Circuit primary assisted patency- freedom from access circuit thrombosis. 

Secondary patency – freedom from access circuit abandonment.

JAS; Juxta-anastomotic segment.

Fig. 1

Kaplan-Meier estimates for target lesion primary patency, circuit access patency, primary assisted patency, and secondary patency.

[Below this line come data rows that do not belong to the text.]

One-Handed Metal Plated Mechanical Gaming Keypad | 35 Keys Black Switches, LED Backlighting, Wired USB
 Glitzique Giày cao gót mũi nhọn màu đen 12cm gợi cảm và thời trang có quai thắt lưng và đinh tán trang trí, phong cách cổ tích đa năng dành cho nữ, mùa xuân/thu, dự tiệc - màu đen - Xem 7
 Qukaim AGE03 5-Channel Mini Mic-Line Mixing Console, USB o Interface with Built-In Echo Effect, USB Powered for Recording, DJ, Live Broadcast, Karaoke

Fistuloplasty using the novel Selution SLR™SEB for dysfunctional AVF circuits seems a safe modality in Asian haemodialysis patients at 12 months, with no reported device-related adverse events. Despite initial encouraging 6-months performance results, the drop in TLPP and circuit access patency rates at one year are disappointing but could reflect a need for further drug elution into the adventitial wall to inhibit the NIH process between these two timepoints and the more complex multiple lesions found in Asian AVFs (Irani et al. 2011).